**SOURCE DATA**:
<<<<

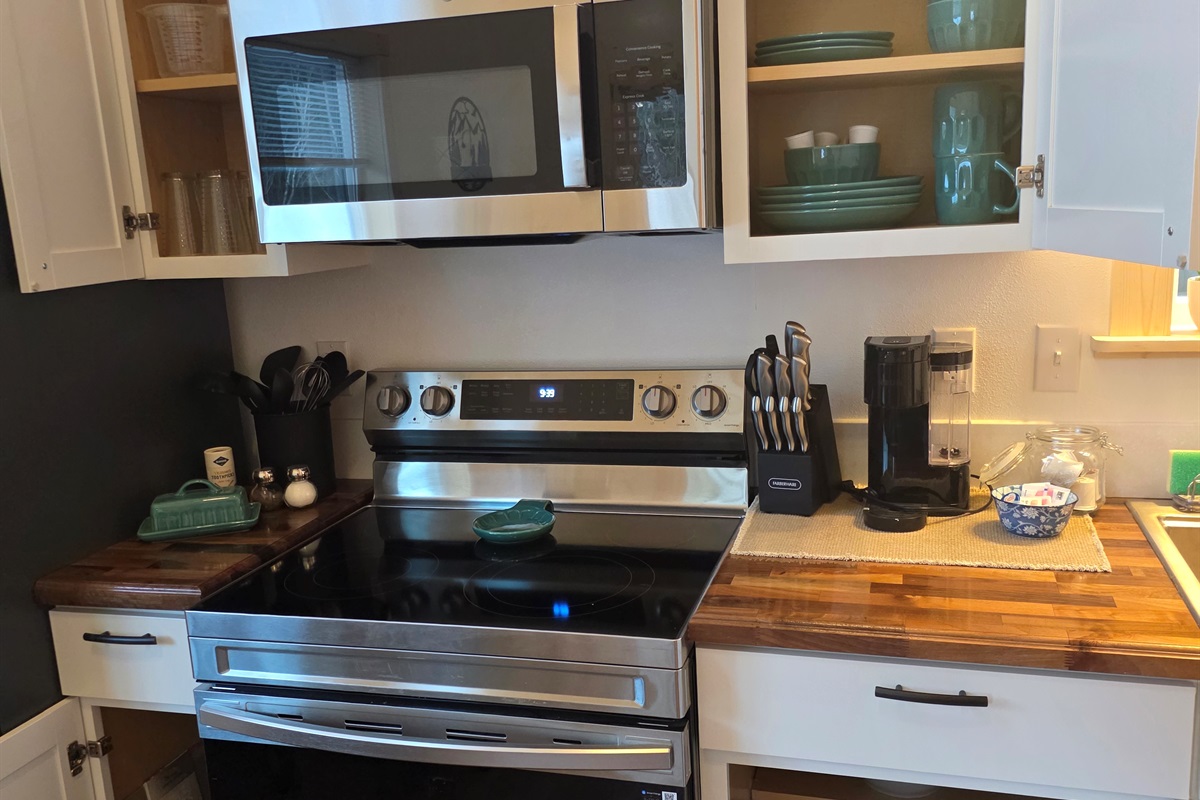 Fully stocked kitchen includes an electric range, microwave, refrigerator, and Keurig.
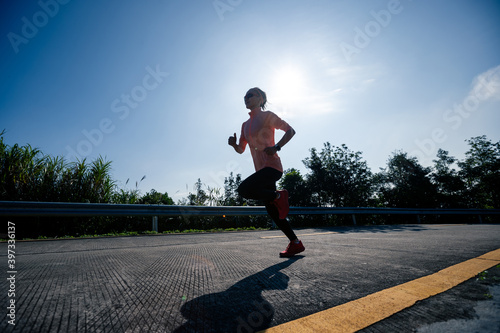 Woman runner running on sunrise mountain top on winter day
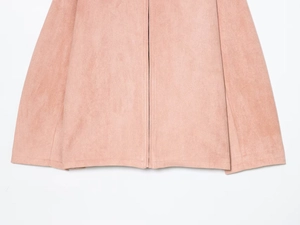Detail of pink suede jacket featuring high-quality fabric texture and central metal zipper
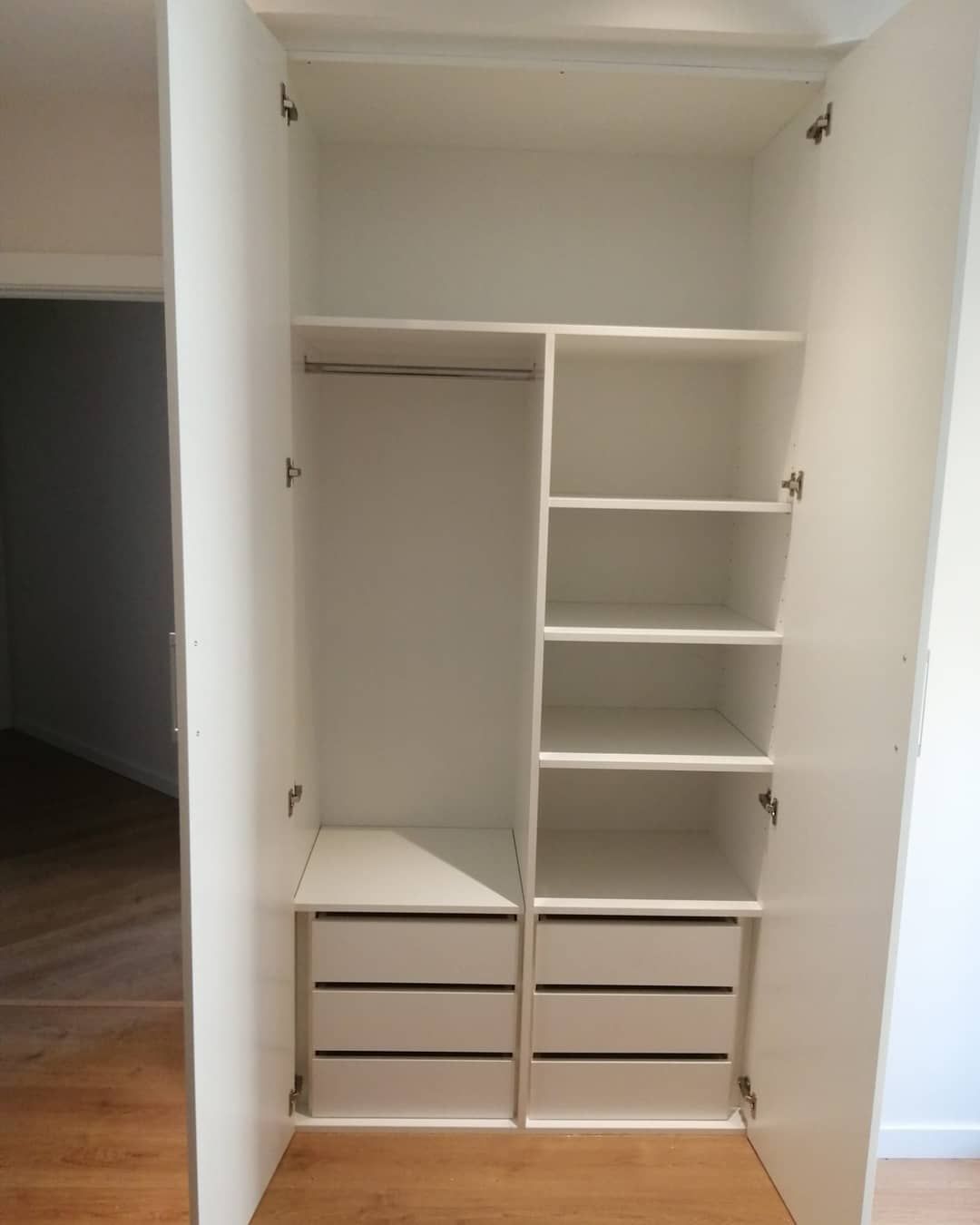 Interior de armario blanco con barra para colgar, estantes y cajones.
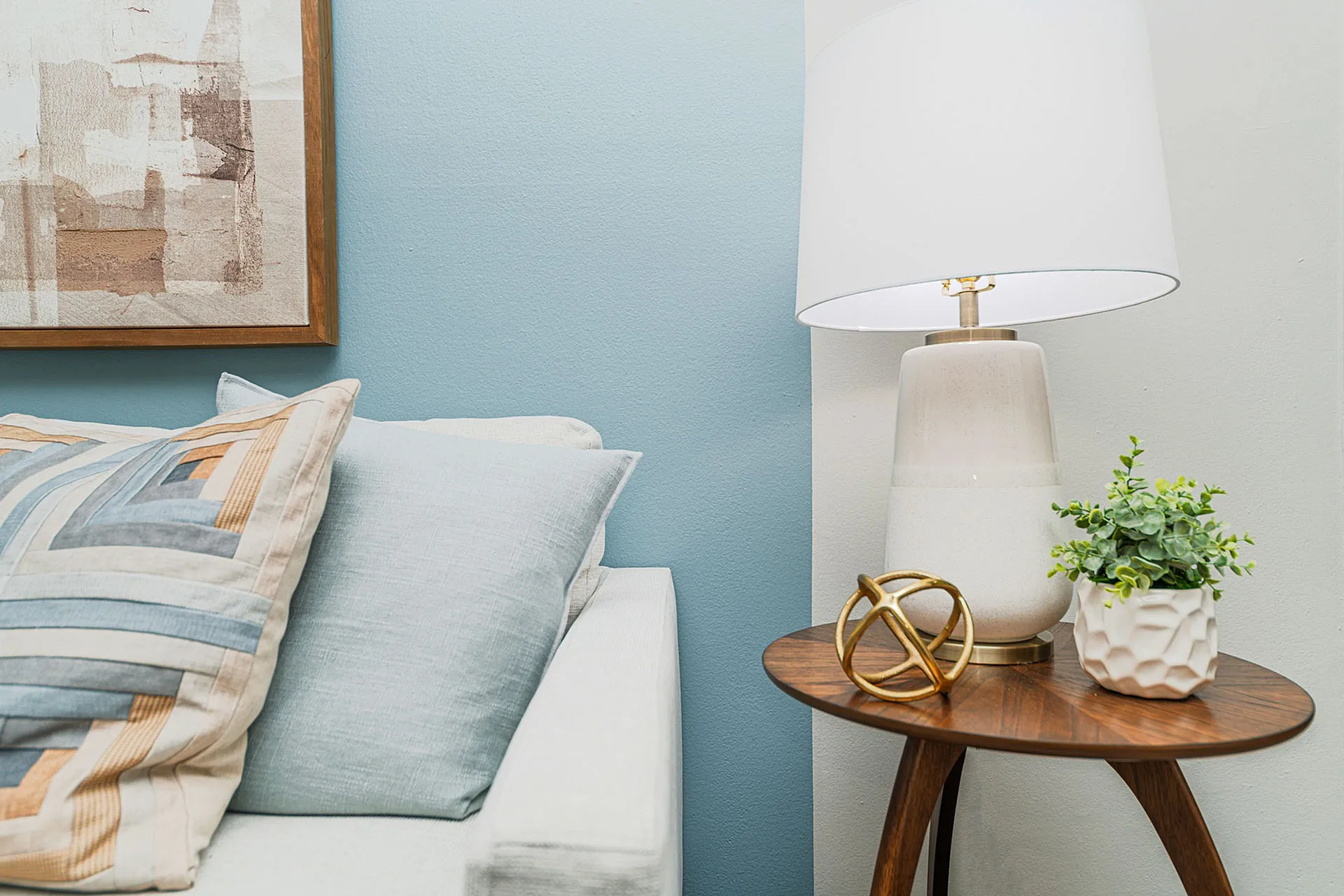Chic living space with modern decor featuring an elegant wood side table, stylish lamp, abstract art, and cozy cushions in a cool-toned setting.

>>>>

**TASK DETAILS**:
Please return only the lines from the top of the data through the line with "Interior de armario", exactly as written, and drop every picture.

**RESULT**:
 Fully stocked kitchen includes an electric range, microwave, refrigerator, and Keurig.
 Woman runner running on sunrise mountain top on winter day
Detail of pink suede jacket featuring high-quality fabric texture and central metal zipper
 Interior de armario blanco con barra para colgar, estantes y cajones.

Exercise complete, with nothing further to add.